This sample includes typical values plus intentional extremes.
| RespondentID | SatisfactionScore | TimeSpentMinutes |
|---|---|---|
| 1001 | 8 | 12 |
| 1002 | 9 | 10 |
| 1003 | 7 | 14 |
| 1008 | 10 | 8 |
| 1009 | 2 | 15 |
| 1015 | 1 | 200 |
Lower = Q1 − k·IQR
Upper = Q3 + k·IQR
mz = 0.6745·(x − median) / MAD
Upper = Phigh(x)
- Paste your CSV or upload it.
- Enable header if you have column names.
- Select the column by name or number.
- Start with MAD, then add IQR for confirmation.
- Use a log transform for heavy right tails.
- Review flagged rows against survey context.
- Check whether outliers are valid edge cases.
- Adjust thresholds to match your quality bar.
- Download CSV for audits and data pipelines.
- Download PDF for sharing and reporting.
Outliers and survey decision risk
Survey datasets drive product, HR, and service decisions. A few extreme entries can shift means, inflate variance, and distort trends. In a 1–10 satisfaction scale, a single “1” among mostly 8–9 responses can change the average enough to mis-rank teams. Time-on-task surveys often contain accidental zeros or very large values from paused sessions. Detecting these cases early prevents misleading dashboards, improves model training, and reduces rework during stakeholder reviews. A structured outlier review also supports reproducible cleaning across monthly tracking programs for teams.
Typical patterns in respondent behavior
Outliers are not only numeric mistakes. “Speeders” may finish unrealistically fast, while “stallers” may leave a form open for hours. Straight-lining creates unusually low variability across multi-item batteries, and can produce tail values after scoring. Duplicate submissions can cluster at identical totals. The example table in this tool mirrors real audits: one respondent reports 200 minutes when most report 8–15, a strong candidate for investigation.
Method selection for robust screening
This calculator offers complementary detectors. The IQR rule uses quartiles, so it is stable for skewed distributions and works well for bounded scales. Standard Z-scores assume an approximately normal shape; they are useful after transformation or when the central bulk is symmetric. Modified Z-scores based on MAD are resilient to heavy tails and are preferred for operational monitoring. Percentile bounds suit policy-based trimming, such as excluding values below P1 or above P99.
Thresholds, transforms, and governance
No single threshold fits every program. Start with MAD at 3.5, then compare IQR at k=1.5. For noisy engagement metrics, consider k=3 or broader percentiles. Log transforms reduce right-tail leverage for time and spend variables, but require positive inputs. Use the combine rule to match your tolerance: “any” maximizes recall, while “all” prioritizes precision for compliance reports.
Reporting, exports, and next actions
Treat flags as prompts, not automatic deletions. Review the row index, original value, and triggered methods together. If the outlier reflects a true edge case, keep it and document the rationale. If it is an error, correct upstream collection rules and rerun checks. Export CSV for pipeline handoffs and PDF for audit trails, ensuring consistent quality across survey waves.
Which column should I analyze?
Choose the numeric variable used for scoring, such as satisfaction totals, time spent, or composite indices. If you have headers, enter the exact column name; otherwise enter a 1-based column number.

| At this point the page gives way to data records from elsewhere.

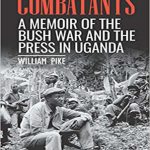 combatant-a-memoir-of-the-bush-Nuria-kenya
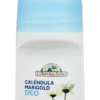 Deodorante Corpo Roll-On Calendula 75 ml Bio
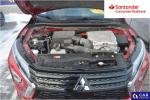 Mitsubishi Eclipse Cross 2.4 PHEV Instyle Plus Aukcja 304443 - grafika 5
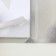 Block of papers with a sticky layer “always on top”, 30 liters
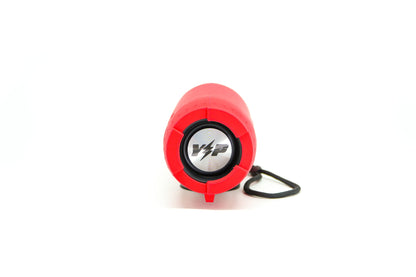DryTunes Portable Waterproof & Floating Bluetooth Speaker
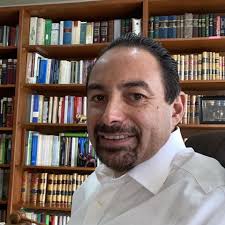 Hernandez Barros, Iruegas y Asociados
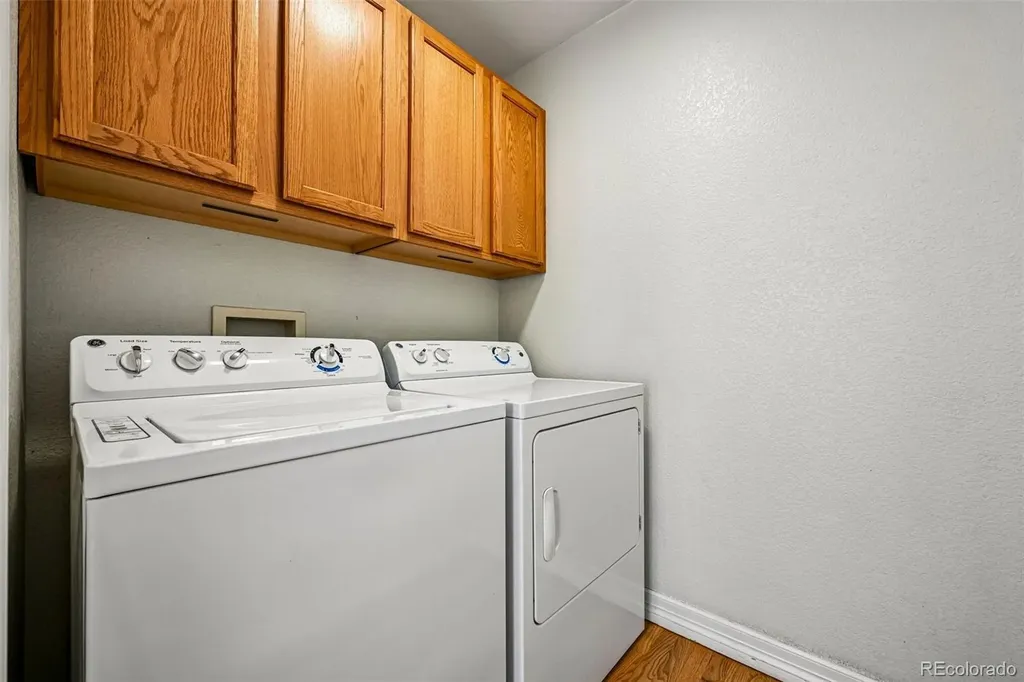 324 S Ames Street Lakewood CO 80226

Should I enable the header option?
Enable it when the first row contains column names. It lets you select columns by name and reduces mistakes when files change. Disable it when your data starts directly with responses.
What if my metric is highly skewed?
Try the log or natural log transform for strictly positive metrics like time or spend. Then use MAD or IQR for detection. Transforms can stabilize spread and make Z-scores more meaningful.
How do I pick thresholds?
Start with common defaults: MAD 3.5, Z 3.0, and IQR k=1.5. Tighten thresholds to catch more anomalies, or relax them for exploratory research. Validate with spot checks and domain rules.
Can I include non-numeric rows in results?
Yes. Set Missing / Non-numeric to “Keep row (marked)”. The table will show those rows with notes, but they are not scored. This helps you locate formatting issues without losing row positions.
What is included in CSV and PDF exports?
CSV contains row index, original and transformed values, scores, outlier flag, and triggered methods. PDF summarizes totals, settings, and a short list of flagged rows, suitable for sharing and audit trails.